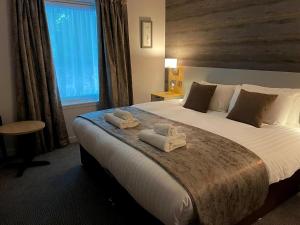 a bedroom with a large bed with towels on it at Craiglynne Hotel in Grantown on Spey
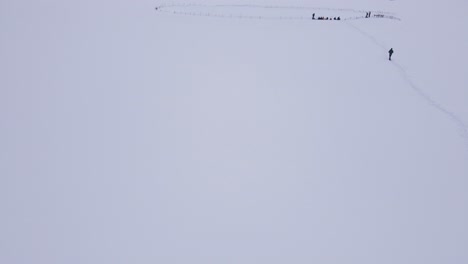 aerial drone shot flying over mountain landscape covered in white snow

┄┄┄┄┄┄┄┄┄┄

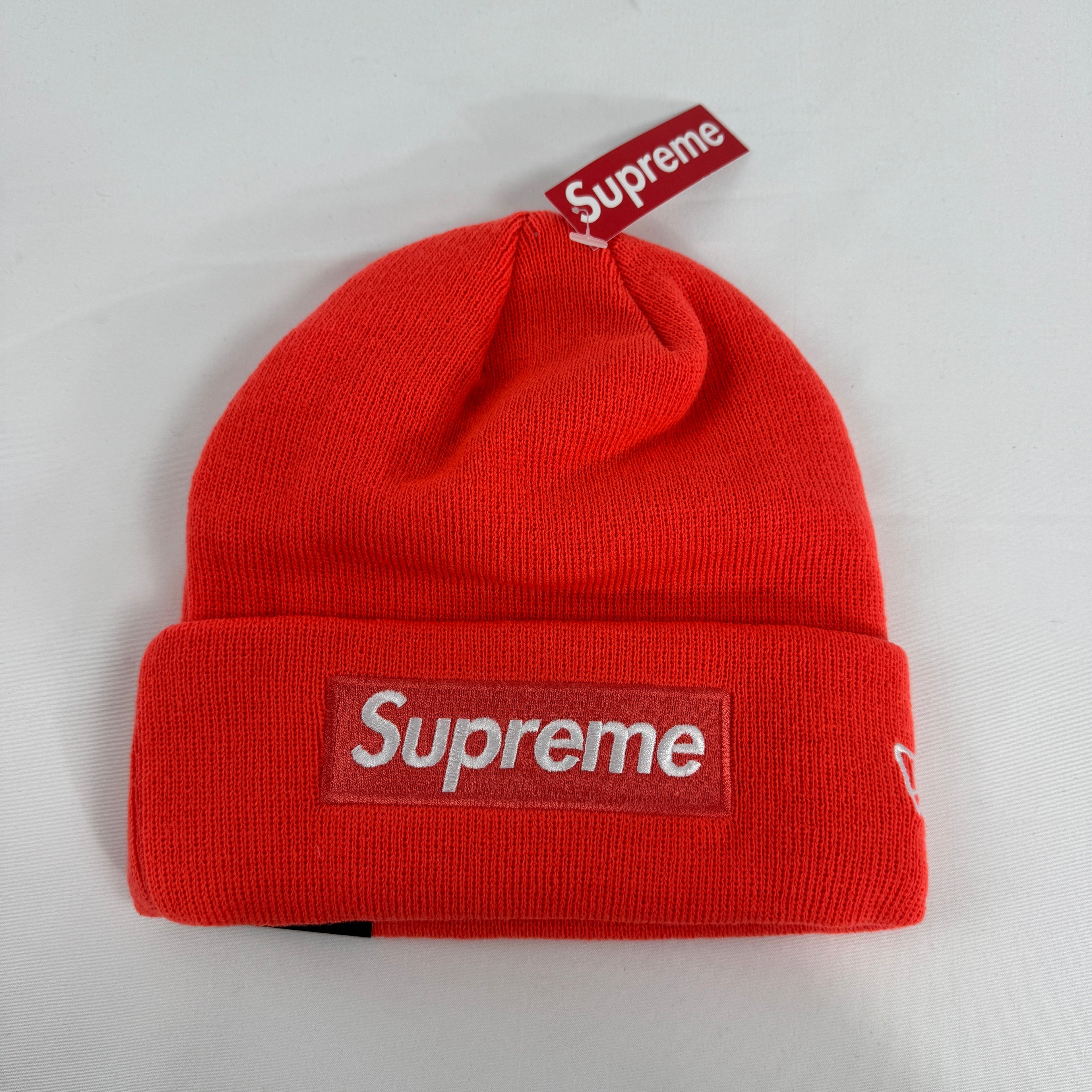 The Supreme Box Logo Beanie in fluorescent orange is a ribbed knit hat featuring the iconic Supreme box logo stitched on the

┄┄┄┄┄┄┄┄┄┄

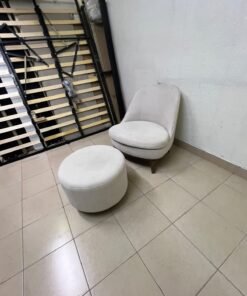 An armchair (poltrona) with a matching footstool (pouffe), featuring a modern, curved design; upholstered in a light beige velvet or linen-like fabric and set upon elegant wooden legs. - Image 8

┄┄┄┄┄┄┄┄┄┄

_Activity_: Above are the records; copy from them only the lines starting at the one containing "a bedroom with" and ending at the one containing "aerial drone shot", exactly and without pictures.

_Response box_:
 a bedroom with a large bed with towels on it at Craiglynne Hotel in Grantown on Spey
 aerial drone shot flying over mountain landscape covered in white snow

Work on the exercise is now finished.